What is needed is an exact repeat of the lines from the one holding "皮まで食べても安心！宮崎産無" through the final line of the data, with no pictures.

─── Input for this task

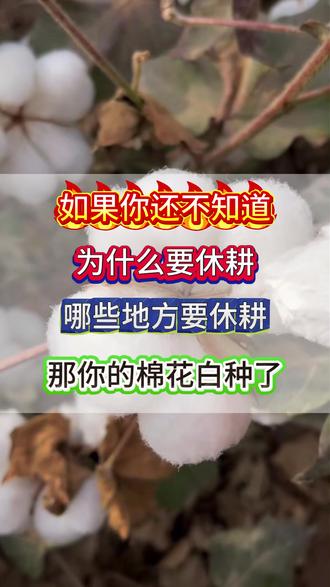 如果你还搞不清楚为啥休耕,哪些地方休耕,那你的棉花白种了 #棉花 #棉花休耕 #我要上热门🔥 #棉花种植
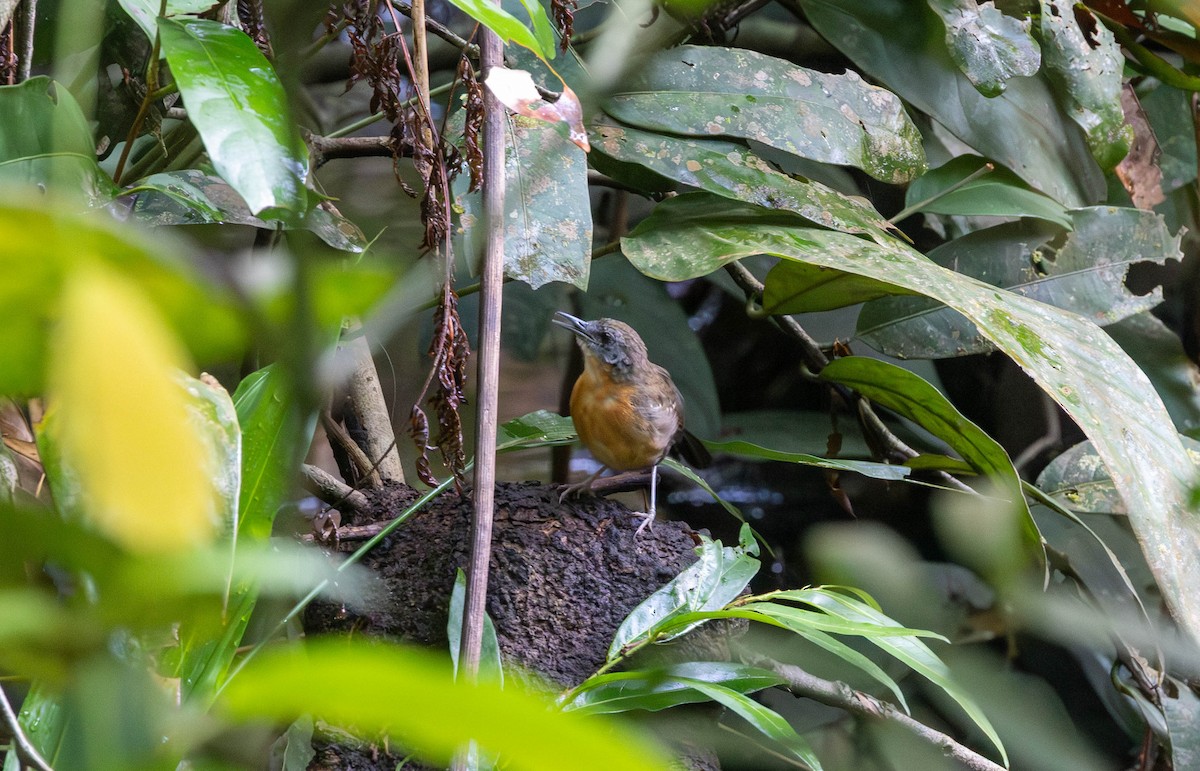 Black-throated Antbird - ML645888539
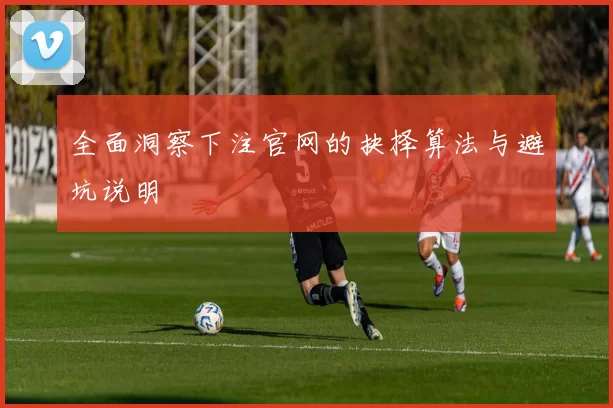 全面洞察下注官网的抉择算法与避坑说明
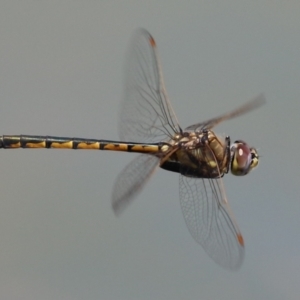 Hemicordulia tau at Symonston, ACT - 19 Nov 2023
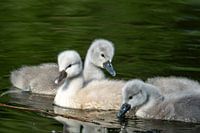 Adorable young swans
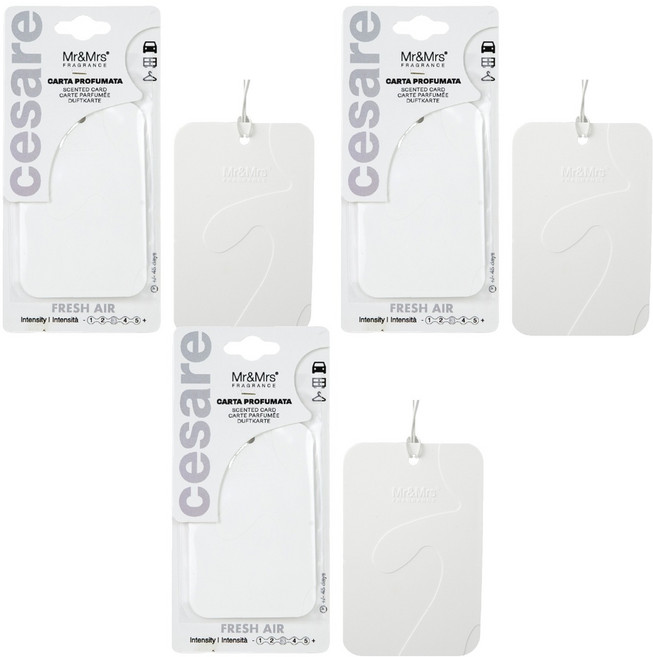 미스터앤미세스 체사레 카드형 멀티 차량용 방향제, 3개, 프레쉬에어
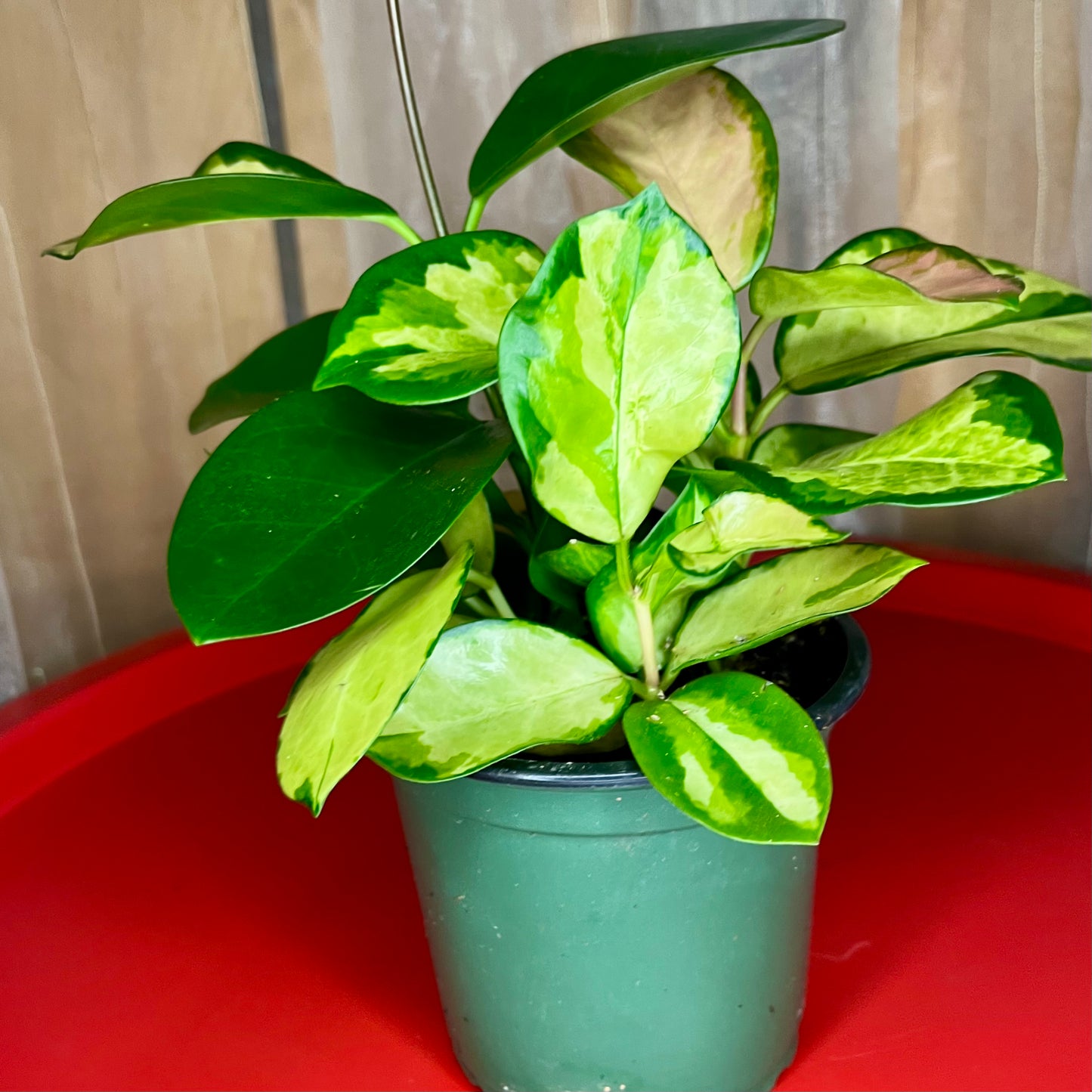 Hoya Australia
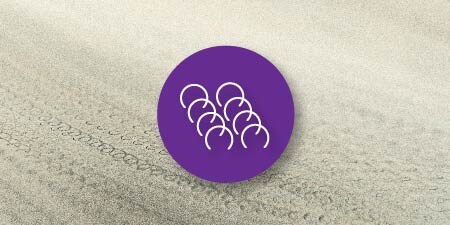 on over close up image of pigtail scratches
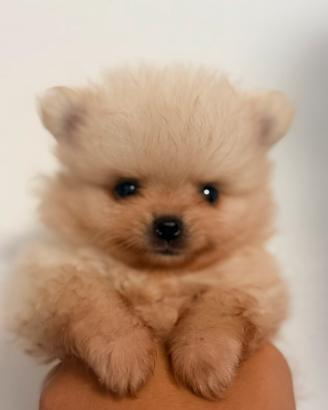 Volpino di Pomerania Spitz tedesco nano Pedigree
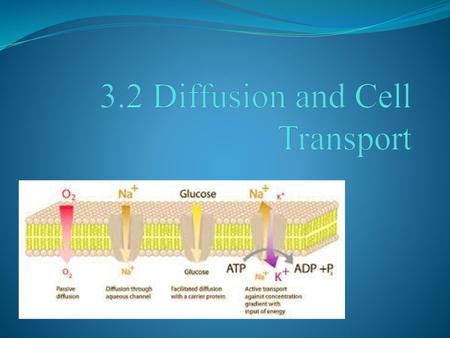 3.2 Diffusion and Cell Transport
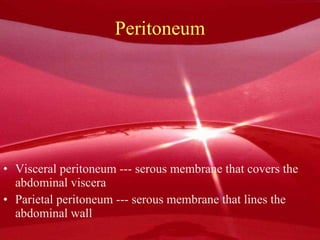 Peritoneum Visceral peritoneum --- serous membrane that covers the abdominal viscera Parietal peritoneum --- serous membrane that lines the abdominal wall 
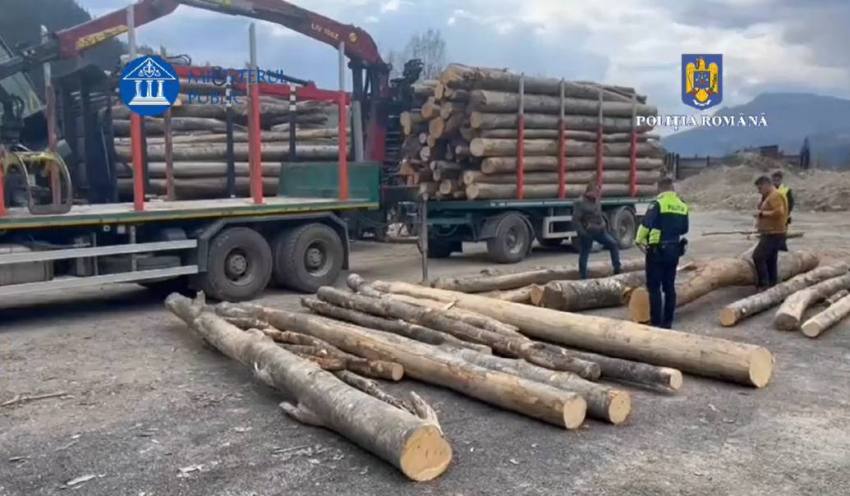 transport ilegal de lemne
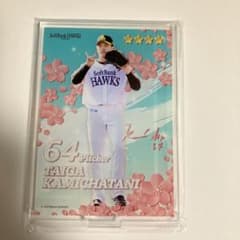 上茶谷大河　アクリルスタンド　タカコレくじ 2026 vol.1 ホークスのサムネイル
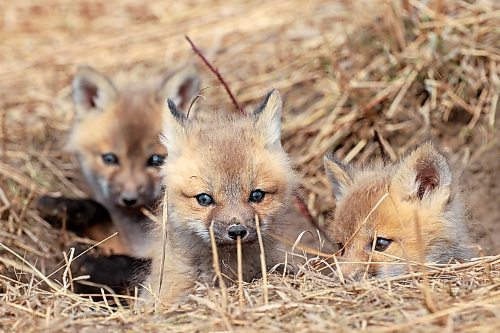 Young red fox kits peer out from their den in southeast Brandon on Wednesday afternoon. (Tim Smith/The Brandon Sun)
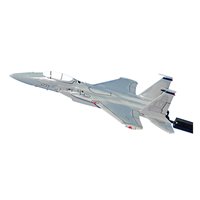 19 FS F-15C Custom Airplane Model Briefing Sticks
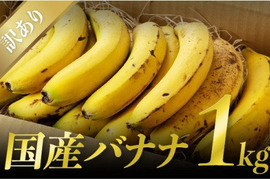 皮まで食べても安心！宮崎産無農薬バナナお徳用（訳有り）1kgとバームクーヘンのセット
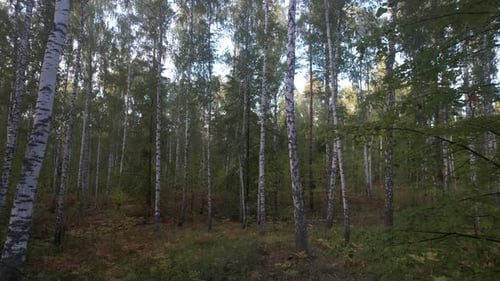 Birches In A Dense Forest
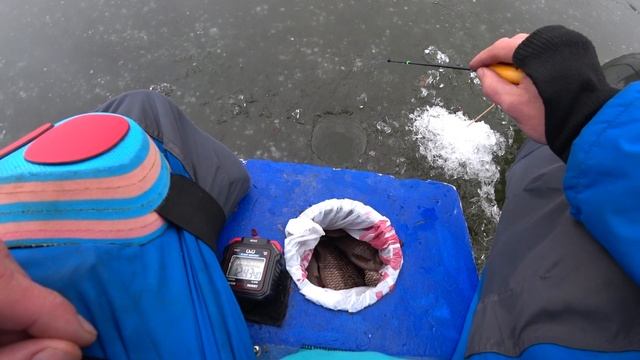 Карась зимой со льда, на поплавок и мормышку. Большой улов! смотреть онлайн
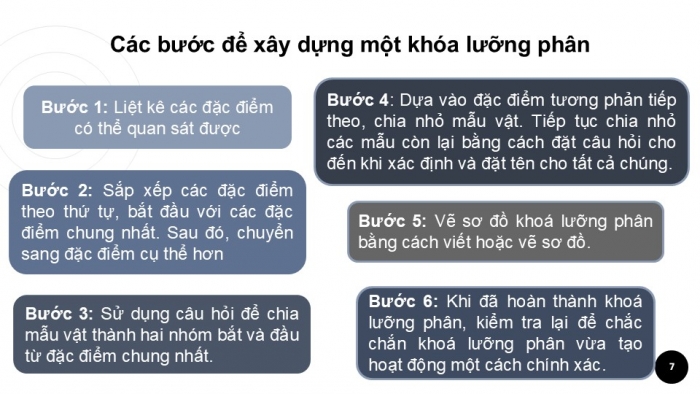 Giáo án PPT KHTN 6 cánh diều Bài 15: Khoá lưỡng phân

──────

> [Task response]:
 皮まで食べても安心！宮崎産無農薬バナナお徳用（訳有り）1kgとバームクーヘンのセット
 Birches In A Dense Forest
 Карась зимой со льда, на поплавок и мормышку. Большой улов! смотреть онлайн
 Giáo án PPT KHTN 6 cánh diều Bài 15: Khoá lưỡng phân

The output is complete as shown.